Location
- 4801 Altamont Road Birmingham, Alabama 35222 United States 33°30′50″N 86°45′28″W﻿ / ﻿33.51398°N 86.75783°W

Information
- Type: Private
- Motto: Truth, Knowledge, Honor
- Established: 1975 (51 years ago)
- CEEB code: 010335
- Head of school: Cecil F. Stodghill, Jr.
- Teaching staff: 40.8 FTE (2021–22)
- Grades: 5–12
- Enrollment: 362 (2021–22)
- Student to teacher ratio: 8.9 (2021–22)
- Colors: Gold, white, and black; ;
- Athletics: Basketball, Cross Country, Soccer, Tennis, Indoor Track, Outdoor Track and Field, Volleyball, Baseball, Golf, Robotics
- Mascot: Knight
- Yearbook: Altimissimus
- Website: altamontschool.org

= Altamont School =

The Altamont School, located in Birmingham, Alabama atop Red Mountain, is a college preparatory day school with coeducational enrollment of grades 5–12. Most of the students live in Birmingham and the surrounding communities.

==History==
Altamont was established in 1975 as a merger between the Brooke Hill School, a college preparatory school for girls founded in 1940, and the Birmingham University School, a boys' school founded in 1922 by Basil M. Parks.

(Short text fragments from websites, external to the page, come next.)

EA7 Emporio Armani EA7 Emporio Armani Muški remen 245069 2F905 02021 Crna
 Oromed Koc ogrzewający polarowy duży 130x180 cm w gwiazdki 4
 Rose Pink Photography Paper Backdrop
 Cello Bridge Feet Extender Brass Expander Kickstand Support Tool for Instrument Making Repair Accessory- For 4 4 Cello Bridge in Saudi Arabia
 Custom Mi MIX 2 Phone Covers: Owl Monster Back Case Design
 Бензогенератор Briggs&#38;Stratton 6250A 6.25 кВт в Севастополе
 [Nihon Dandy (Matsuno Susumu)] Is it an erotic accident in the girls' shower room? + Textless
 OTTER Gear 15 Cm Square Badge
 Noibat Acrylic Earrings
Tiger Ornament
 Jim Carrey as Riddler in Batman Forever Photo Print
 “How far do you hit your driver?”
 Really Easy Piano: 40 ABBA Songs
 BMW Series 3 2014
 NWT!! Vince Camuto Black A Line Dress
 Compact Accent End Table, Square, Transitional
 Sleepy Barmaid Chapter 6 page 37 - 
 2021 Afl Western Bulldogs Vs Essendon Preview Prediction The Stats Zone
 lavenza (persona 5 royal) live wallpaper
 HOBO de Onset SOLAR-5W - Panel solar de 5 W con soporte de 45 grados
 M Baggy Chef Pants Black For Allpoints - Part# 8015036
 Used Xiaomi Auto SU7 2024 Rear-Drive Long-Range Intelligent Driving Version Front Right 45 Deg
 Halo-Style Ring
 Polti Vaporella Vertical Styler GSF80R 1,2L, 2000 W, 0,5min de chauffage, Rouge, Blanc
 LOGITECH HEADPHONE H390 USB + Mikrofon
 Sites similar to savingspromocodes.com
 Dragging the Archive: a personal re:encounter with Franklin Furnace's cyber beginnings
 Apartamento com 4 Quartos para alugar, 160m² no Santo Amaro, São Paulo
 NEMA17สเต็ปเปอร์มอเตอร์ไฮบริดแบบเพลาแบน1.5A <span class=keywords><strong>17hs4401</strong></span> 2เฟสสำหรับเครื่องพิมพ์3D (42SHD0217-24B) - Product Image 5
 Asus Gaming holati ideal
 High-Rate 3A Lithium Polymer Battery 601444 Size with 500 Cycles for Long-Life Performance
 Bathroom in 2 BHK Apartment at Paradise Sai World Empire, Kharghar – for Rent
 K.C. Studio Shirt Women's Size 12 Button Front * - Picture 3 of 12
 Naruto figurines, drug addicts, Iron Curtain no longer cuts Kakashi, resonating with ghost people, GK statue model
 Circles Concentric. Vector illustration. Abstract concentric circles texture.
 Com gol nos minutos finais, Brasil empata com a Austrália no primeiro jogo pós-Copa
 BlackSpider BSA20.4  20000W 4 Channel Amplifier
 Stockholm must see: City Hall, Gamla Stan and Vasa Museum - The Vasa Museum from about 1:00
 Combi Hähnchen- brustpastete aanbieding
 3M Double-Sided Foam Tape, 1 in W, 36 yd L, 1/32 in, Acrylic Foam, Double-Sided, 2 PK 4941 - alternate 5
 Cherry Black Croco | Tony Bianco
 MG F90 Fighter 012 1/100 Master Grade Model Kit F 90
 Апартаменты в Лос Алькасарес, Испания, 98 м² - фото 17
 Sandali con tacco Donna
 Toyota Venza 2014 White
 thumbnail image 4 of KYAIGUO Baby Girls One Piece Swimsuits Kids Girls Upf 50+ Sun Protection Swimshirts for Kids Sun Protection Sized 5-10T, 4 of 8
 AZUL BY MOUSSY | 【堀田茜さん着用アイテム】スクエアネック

Cecil F. Stodghill, Jr. was named Head of School in 2022.

==Campus==
Altamont's main campus is located on 28 acre on the crest of Red Mountain just south of downtown Birmingham. The main school building houses forty classrooms, two science wings, a fine arts center, a student center, an art gallery and sculpture garden, a computer lab, a 20,000-volume library, and special studios for chorus, art, photography, and orchestra. An audio-visual recording studio was recently added to the fine arts suite. The athletic facilities include two gymnasiums with two basketball courts, three volleyball courts and a weight room. The main campus offers six tennis courts, a soccer field and a track. A second campus provides another gymnasium as well as soccer, baseball, and softball fields.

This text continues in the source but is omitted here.